2.4. [verzoeker] voert aan dat het plan onder meer in strijd is met artikel 11.11 van de Verordening ruimte Noord-Brabant 2011 omdat het plangebied niet is gelegen in een kernrandzone. Hij vreest voor onomkeerbare gevolgen indien het plan niet wordt geschorst omdat reeds een omgevingsvergunning voor bouwen is aangevraagd en ook is begonnen met - inmiddels stilgelegde - bouwwerkzaamheden.
2.5. Blijkens de toelichting heeft de raad zich op het standpunt gesteld dat het plan voldoet aan de regels van de verordening omdat is voldaan aan het bepaalde in artikel 11.11. Ter zitting heeft de raad ter toelichting van dit standpunt aangevoerd dat [verzoeker] een te restrictieve uitleg geeft aan het begrip "kernrandzone" uit de verordening.
2.6. Ingevolge artikel 1.1, aanhef en onder 45, van de verordening wordt onder kernrandzone in de verordening verstaan: overgangsgebied naar het buitengebied, gelegen langs bestaand stedelijk gebied, met daarin relatief veel bebouwing op korte afstand van elkaar en met een ondergeschikte of afnemende agrarische functie.
Hoofdstuk 11 van de verordening heeft betrekking op niet-agrarische ontwikkelingen buiten bestaand stedelijk gebied.
Ingevolge artikel 11.11, voor zover hier van belang, kan een bestemmingsplan dat is gelegen in de kernrandzone voorzien in de vestiging of uitbreiding van voorzieningen en veldsporten, volkstuinen en andere kleinschalige vrije-tijdsvoorzieningen.
2.7. Niet in geschil is dat het plangebied gedeeltelijk grenst aan vrijwel onbebouwde sportvelden die, evenals de aan de sportvelden grenzende kern van Lage Mierde, moeten worden aangemerkt als bestaand stedelijk gebied en dat het plangebied zelf buiten bestaand stedelijk gebied is gelegen. Voorts heeft [verzoeker] ter zitting onweersproken gesteld dat het plangebied voor het overige grenst aan gronden met een agrarische functie zonder bebouwing, waar geen sprake is van afname van de agrarische functie.
Gelet hierop heeft de raad zich naar het voorlopig oordeel van de voorzitter ten onrechte op het standpunt gesteld dat het plan niet in strijd is met de verordening omdat is voldaan aan het bepaalde in artikel 11.11.
2.8. Reeds hierom ziet de voorzitter aanleiding voor de verwachting dat het bestreden besluit in de bodemprocedure niet in stand zal blijven. De voorzitter ziet daarin aanleiding om het verzoek van [verzoeker], gelet op de betrokken belangen, in te willigen. Hetgeen [verzoeker] voor het overige heeft aangevoerd, behoeft thans geen bespreking.

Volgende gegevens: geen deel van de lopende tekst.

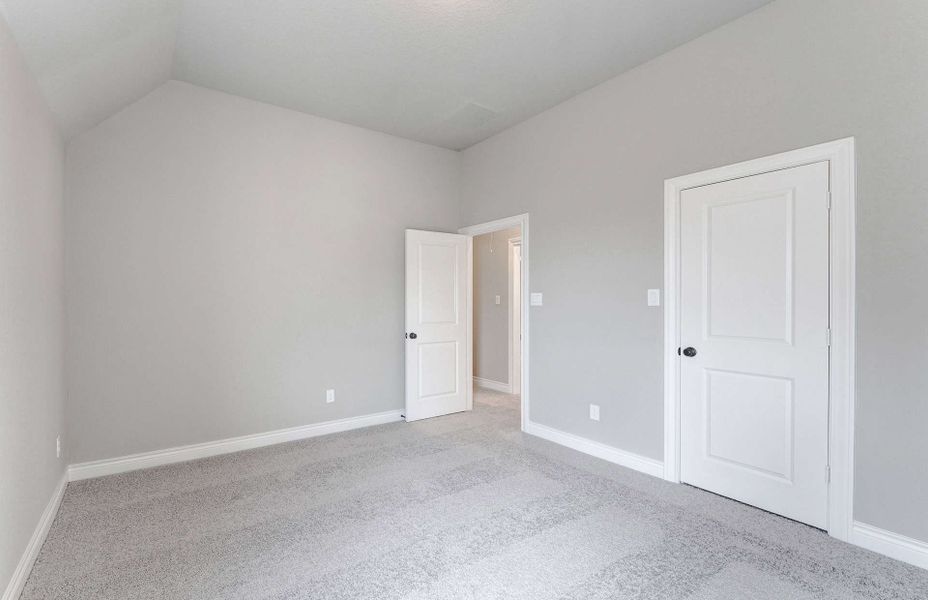 Representative unfurnished interior of a home built from the 3799 by Ravenna Homes in Artavia 70′, Conroe (Image 51).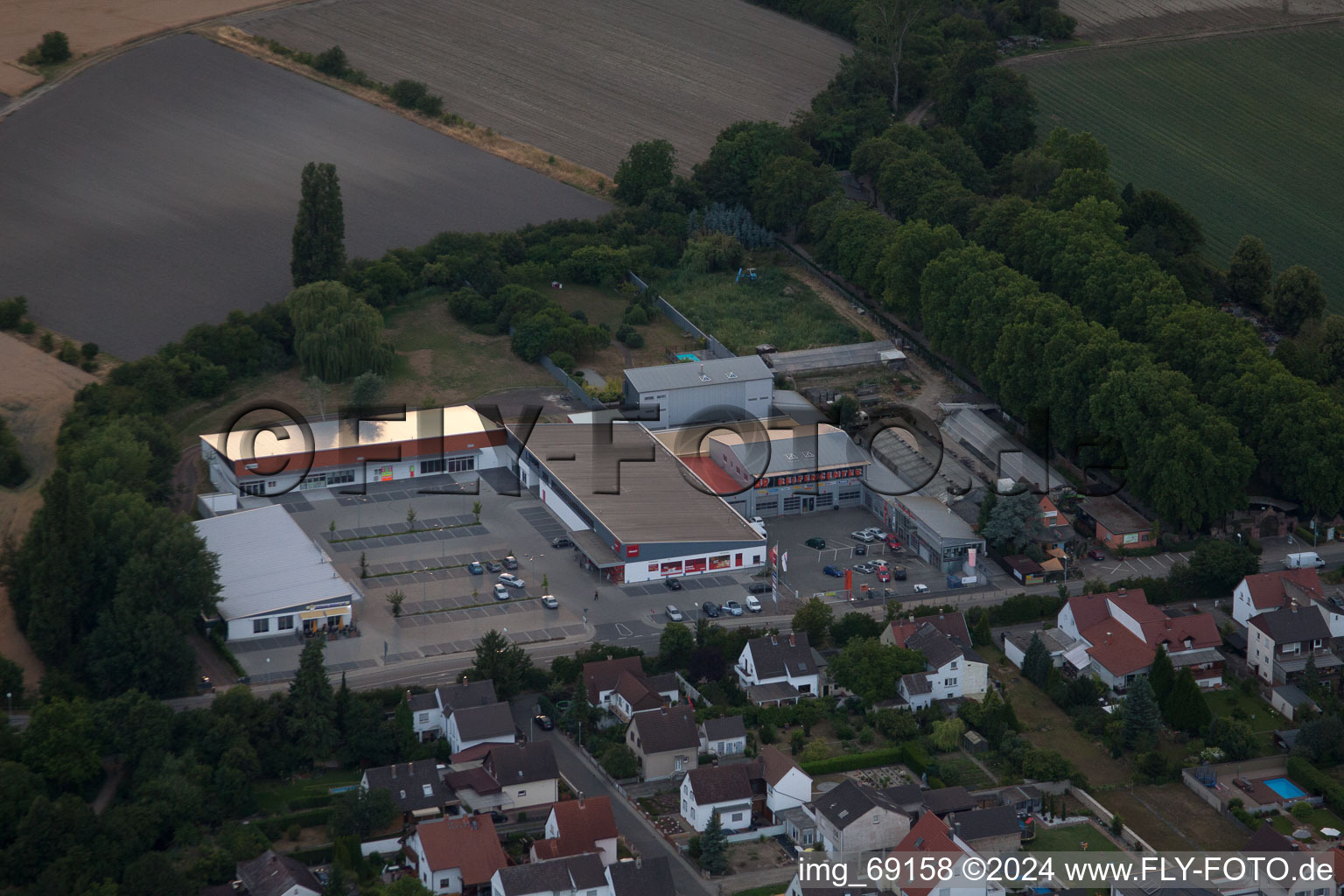 Building of the shopping center Wormser Landstr. in the district Petersau in Bobenheim-Roxheim in the state Rhineland-Palatinate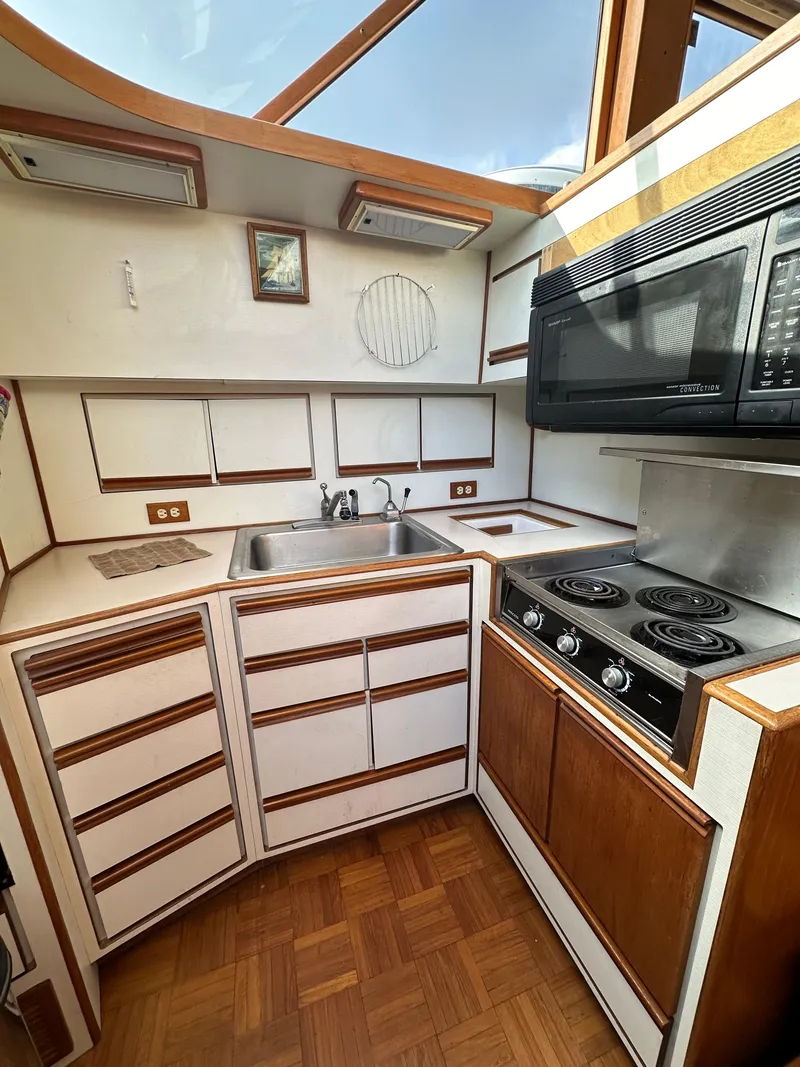 Slide: The Image of 1988 Vista 43 Motor Yacht kitchen with stove, microwave, and sink. - 23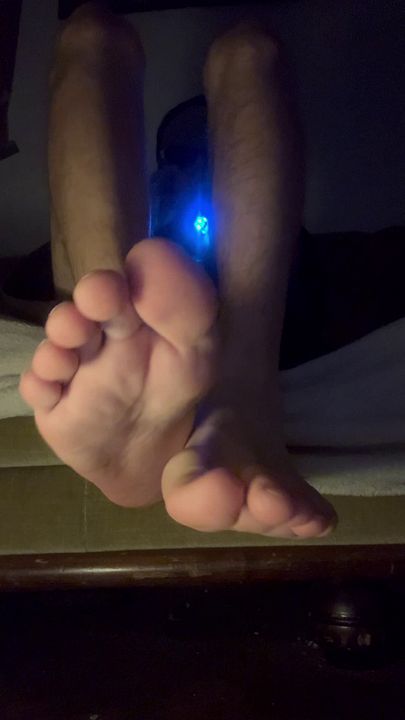 young twink taking off his socks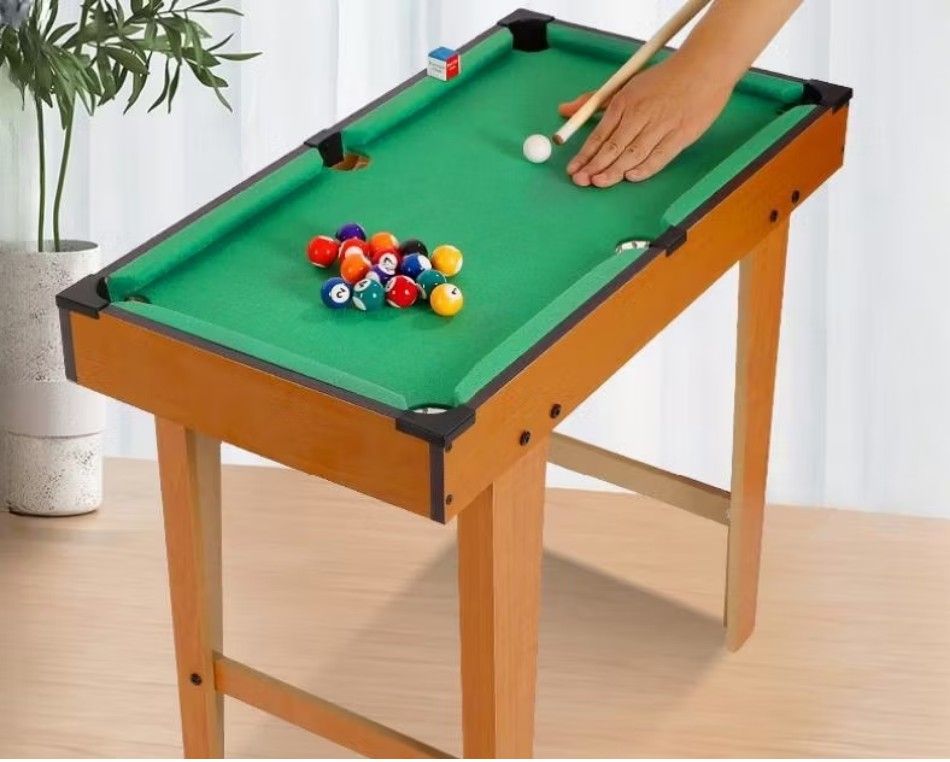 Mini Tabletop Pool Billiard Game Set with Accessories (Category: Kids Toys) located in Caloocan City. Submitted by oettam (Listing ID 1460557737, Image 1). Description: mini billiard wooden for kids complete set. no issue and complete tools ready to ship. RFS seldom use - Compact pool table for fun anywhere. - Includes all balls, cues, and rack. - Great for kids or a quick game. - Folds up for easy storage. - Perfect for game nights or small spac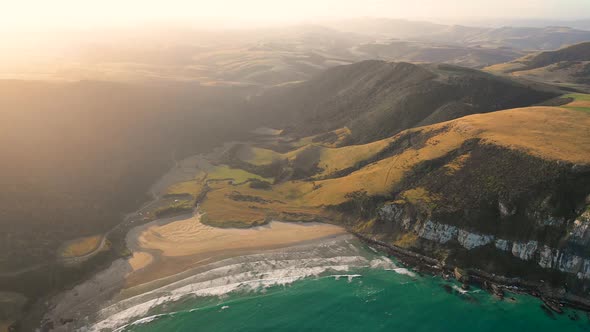 Aerial view of scenic sunset over Purakaunui Bay, New Zealand. alt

2.9. De raad dient op na te melden wijze tot vergoeding van de proceskosten te worden veroordeeld.
De voorzitter van de Afdeling bestuursrechtspraak van de Raad van State:
I. schorst bij wijze van voorlopige voorziening het besluit van de raad van de gemeente Reusel-de Mierden van 20 september 2011, kenmerk 2011-062;
II. veroordeelt de raad van de gemeente Reusel-de Mierden tot vergoeding van bij [verzoeker] in verband met de behandeling van het verzoek opgekomen proceskosten tot een bedrag van € 874,00 (zegge: achthonderdvierenzeventig euro), geheel toe te rekenen aan door een derde beroepsmatig verleende rechtsbijstand;
III. gelast dat de raad van de gemeente Reusel-de Mierden aan [verzoeker] het door hem voor de behandeling van het verzoek betaalde griffierecht ten bedrage van € 152,00 (zegge: honderdtweeënvijftig euro) vergoedt.
Aldus vastgesteld door mr. J.A. Hagen, als voorzitter, in tegenwoordigheid van mr. M.F.N. Pikart-van den Berg, ambtenaar van staat.